One well-known children’s story that passed me by in youth is The Velveteen Rabbit, by Margery Williams. On the surface, it is the story of a plush toy – not unlike my Donovan B. Bear, who sits nursing his coffee on my profile photo – who, after years of being played with, slept with, and loved to death, has developed a personality, a joie de vivre, and a burning desire to be Real. At first, his Reality is imposed by his Boy/Owner – no doubt the same sort of projection of facets of the Boy’s own personality upon the toy that each of us has imposed upon well-loved toys of our own. As the Velveteen Rabbit ages, his adventures with the Boy dirty his sateen ears, undo his seams, and rub off the pile of his velvet, giving a bit more “personality” to his outward appearance as well.
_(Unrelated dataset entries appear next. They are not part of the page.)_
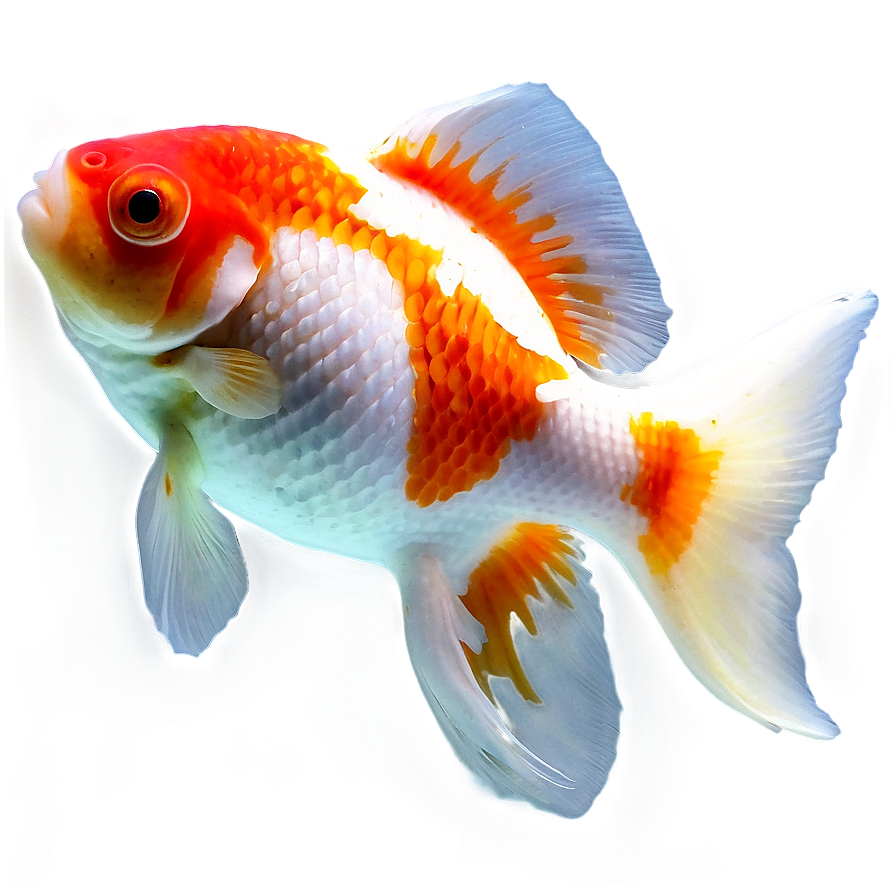 Oranda Goldfish Png Tdl23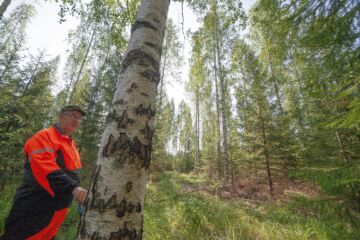 tämä on testiartikelin kuvateksti. (Kuvaaja: Kuvaajan Nimi)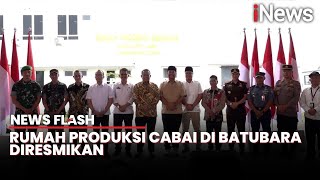 Wamen UMKM Resmikan Rumah Produksi Cabai di Batubara  News Flash [upl. by Elka196]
Times may have changed, and we may be somewhat older than the Boy, but our need for play never dies; it just mutates. Today, we play in the nearly-infinite nursery called The Internet, creating both new scenarios for our old toys, and new toys for our old scenarios. Some of the most popular toys in this nursery are the “social networks” in which we create relationships, play, and interact. I don’t believe it’s a stretch to say we are privileged to play in a large toybox called “Ning”, in a playhouse called “TuDiabetes”.
“A toybox?!” you may scoff. “A playhouse?” Social interaction may be defined as the play of words and actions, wants, needs, and exuberances on a community stage. Each Web site, each social network, each little Internet subuniverse we create is no more than an empty room with a bit of furniture until we make it Real. Just like that old plush sofa is just a plush sofa until you hide behind it and make it a fort, and just like a stage is just a room with a curtain instead of a wall until you open it up with dialog and action, a social network needs people being, well, social to make it Real.
And so, the Velveteen Rabbit test.
In its technical description, TuDiabetes exists only as instructions in the brain of one, or several, computers housing the Ning networks. Each time one of us requests that one of those computers “serve” us a page, TuDiabetes is created afresh on our computer screens – perhaps to stay until we reboot a fluky Windows operating system – but what we see is the Velveteen Rabbit in the nursery cupboard. It is not until we read the fora, post messages and blogs, post pictures, and make friends that we begin to see a personality behind the pages. With our posts, we leave something of ourselves in the community – that indelible mark which, over time, serves to make that sterile room Real in our minds. We know that even when we close the browser, TuDiabetes will continue on another computer, or even in the nursery cupboard that is Ning’s server farm, and that it will have evolved again when next we summon it forth. TuDiabetes has its own adventures when we are away, and tells us of all the wonderful, scary, and touching things its members have done.
While the Velveteen Rabbit’s story ends – or perhaps begins? – with the “nursery magic fairy” turning the image of adventure-worn velveteen and sawdust into a flesh-and-blood rabbit, TuDiabetes becomes Real every time a member makes real friend of an online acquaintance, every time someone turns to us saying, “Help me!” or “Celebrate with me!” It becomes Real every time a member says, “TuDiabetes is a place where…” Not “TuDiabetes is a site” – but “TuDiabetes is a place.” We have made this Cyberplace Real. And when we get together In Real Life, the “cybernursery magic fairy” waves her virtual wand, and we are a Place. We are a People. We are a Community. We are Real.
In the eyes of our members, we have passed the “Velveteen Rabbit” test.